Danske Bank forecasts economic growth of 0.9 per cent for Northern Ireland in 2025

  • Photo: Conor Lambe, Chief Economist at Danske Bank

    Danske Bank has lowered its forecast for economic growth in Northern Ireland in 2025 as inflation, higher business taxes and global factors weigh on the outlook.

    In its latest Northern Ireland Quarterly Sectoral Forecasts report, the bank said it expects the local economy to grow by around 0.9 per cent this year, a downward revision from its previous forecast of 1.4 per cent. 

    Danske Bank said it expects the rate of growth to be modest this year, reflecting the lack of momentum in the economy, inflation being likely to run higher than previously expected, the increase in business costs following the UK’s autumn Budget and elevated uncertainty stemming from emerging global risks.
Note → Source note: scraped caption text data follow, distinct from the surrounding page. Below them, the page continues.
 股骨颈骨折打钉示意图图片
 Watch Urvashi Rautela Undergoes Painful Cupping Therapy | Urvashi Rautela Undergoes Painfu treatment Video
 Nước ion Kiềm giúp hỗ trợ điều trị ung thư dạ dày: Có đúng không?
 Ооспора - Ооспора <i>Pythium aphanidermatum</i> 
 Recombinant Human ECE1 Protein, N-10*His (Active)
    The bank then expects the rate of growth to pick up to about 1.4 per cent in 2026.

    Conor Lambe, Chief Economist at Danske Bank said: “We expect the rate of growth to remain relatively modest this year. Additional government spending following the announcements in the autumn Budget may support output levels and the expected continued loosening of monetary policy should also gradually support household and business spending.
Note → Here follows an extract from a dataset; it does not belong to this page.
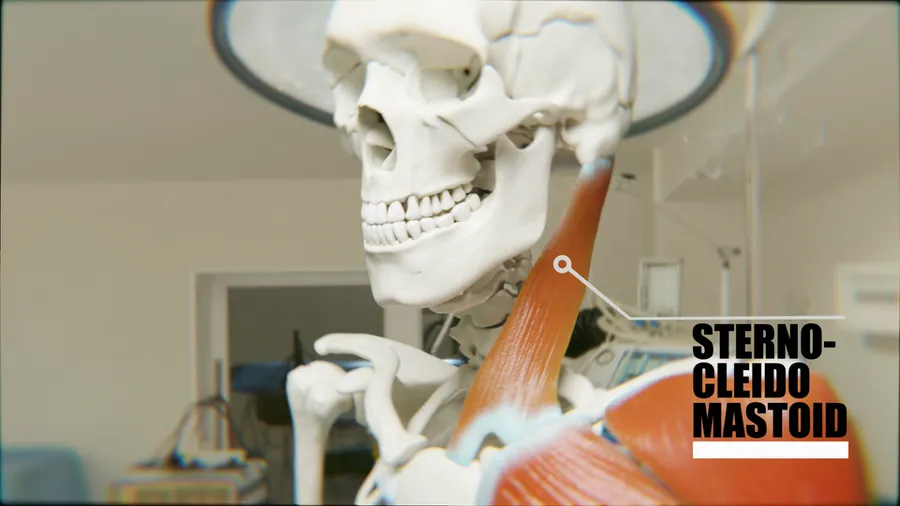 Sternocleidomastoid Muscle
    “However, inflation is forecast to be higher than previously anticipated which could weigh on spending power, while the impact of previous price rises is continuing to weigh on consumers. The upcoming increase in business taxes may negatively impact on investment and recruitment while heightened global uncertainties could also drag on spending and investment levels.”

    Sector outlook

    The business services sectors, which are traditionally strong performers in Northern Ireland, are expected to experience the strongest rates of GVA growth this year and next.

    The professional, scientific & technical services sector is expected to experience output growth of around 1.6 per cent in 2025 and growth of about 2.2 per cent in 2026. The information & communication and administrative and support services sectors are expected to experience growth of about 1.5 per cent and 1.2 per cent respectively this year, then above 2 per cent next year.
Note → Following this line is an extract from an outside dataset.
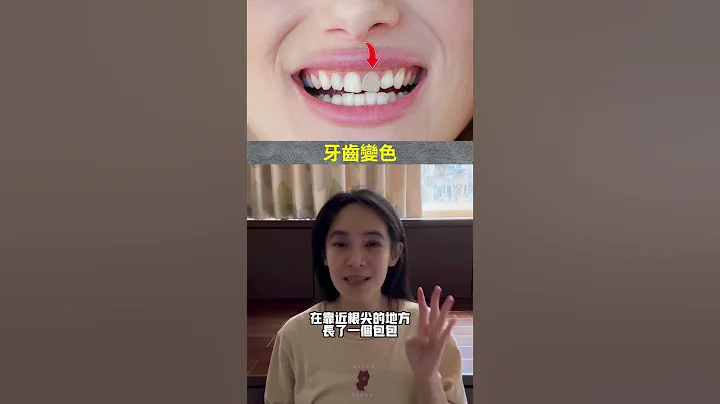有下面四個症狀請快去看牙醫＃活髓保存術＃根管治療 - 天天要聞
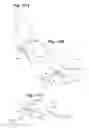 Fig. 16 - Devices and Methods for Minimally Invasive Access to Sinuses and Treatment of Sinusitis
    The projected continued loosening of monetary policy, lower inflation than experienced in recent years, strong wage growth and a resilience in consumer confidence are factors that could positively impact the consumer-focused sectors of the economy.

    Output in the wholesale & retail trade sector is expected to expand by around 1.1 per cent this year and by about 1.7 per cent next year. Growth in the accommodation & food service sector is projected to be just slightly slower, at around 1.0 per cent in 2025 followed by 1.6 per cent in 2026. Meanwhile, the arts, entertainment & recreation sector is expected to experience a slightly slower pace of growth.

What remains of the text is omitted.